# Stemming
- Stemming is a process in Natural Language Processing (NLP) that reduces words to their base or root form, typically by stripping suffixes.
- The goal is to simplify text by unifying different forms of a word (e.g., "running," "ran," "runner") into a common stem (e.g., "run").
- Stemming is particularly useful in tasks like text mining, information retrieval, and search engines, where understanding the core meaning of a word is more important than its grammatical form.

### Types of Stemming Algorithms

#### Porter Stemmer:
- One of the most popular stemming algorithms, developed by Martin Porter in 1980.
- It uses a set of rules to iteratively reduce words to their root form.

In [1]:
from nltk.stem import PorterStemmer
porter_stemmer = PorterStemmer()
print(porter_stemmer.stem("running"))  # Output: run
print(porter_stemmer.stem("connected"))  # Output: connect


run
connect


#### Lancaster Stemmer:
- A more aggressive stemming algorithm compared to the Porter Stemmer, which sometimes results in very short stems.

In [2]:
from nltk.stem import LancasterStemmer
lancaster_stemmer = LancasterStemmer()
print(lancaster_stemmer.stem("running"))  # Output: run
print(lancaster_stemmer.stem("connected"))  # Output: connect
print(lancaster_stemmer.stem("responsiveness"))  # Output: respond


run
connect
respond


#### Snowball Stemmer:
- Also known as the "Porter2" stemmer, it is an improvement over the original Porter Stemmer.
- It supports multiple languages and is considered more consistent and efficient.


In [3]:
from nltk.stem import SnowballStemmer
snowball_stemmer = SnowballStemmer("english")
print(snowball_stemmer.stem("running"))  # Output: run
print(snowball_stemmer.stem("connected"))  # Output: connect


run
connect


#### Regex-based Stemmer:
- A simple approach where regular expressions are used to manually define stemming rules.

In [4]:
import re
def simple_stemmer(word):
    return re.sub(r'(ing|ed|s)$', '', word)

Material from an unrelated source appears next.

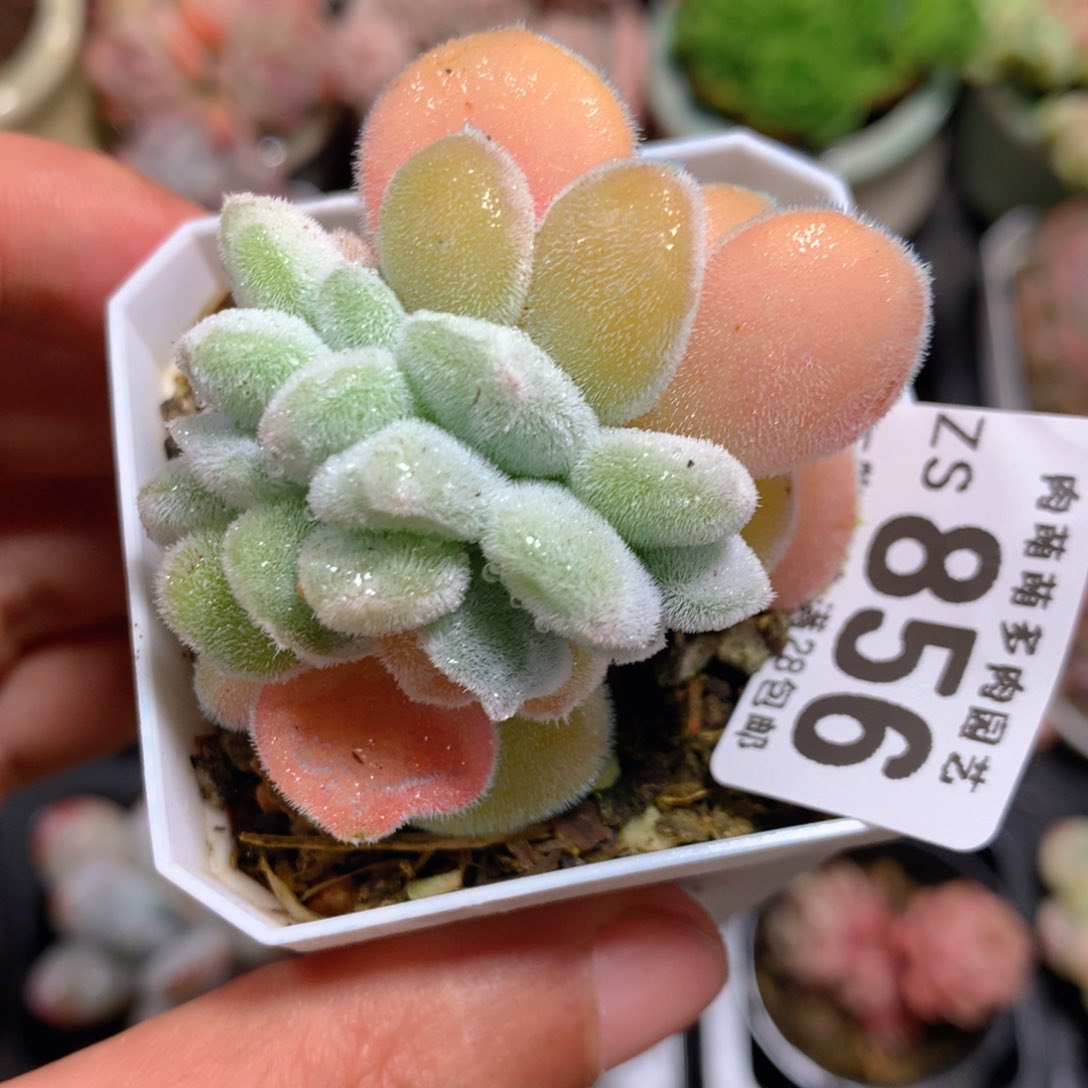 5CM拇指盆精控多肉ZS856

print(simple_stemmer("running"))  # Output: runn
print(simple_stemmer("connected"))  # Output: connect


runn
connect


#### Customized Stemmer:
- In some cases, a custom stemmer may be developed to handle specific stemming needs, especially when working with domain-specific texts.

In [5]:
from nltk.stem import PorterStemmer

class CustomStemmer(PorterStemmer):
    def stem(self, word):
        if word.endswith('ness'):
            return word[:-4]
        return super().stem(word)

custom_stemmer = CustomStemmer()
print(custom_stemmer.stem("happiness"))  # Output: happy
print(custom_stemmer.stem("running"))  # Output: run


happi
run


## Use Cases and Considerations

#### *Search Engines:* 
- Stemming helps in improving search results by matching different forms of a word to the same stem.
#### *Text Classification:* 
- Simplifies feature extraction by reducing the vocabulary size, leading to more efficient algorithms.

### *Limitations:* 
- Stemming can sometimes produce non-existent words (e.g., "studies" to "studi") and may not handle irregular forms well. In some cases, lemmatization, which is more sophisticated, might be preferred.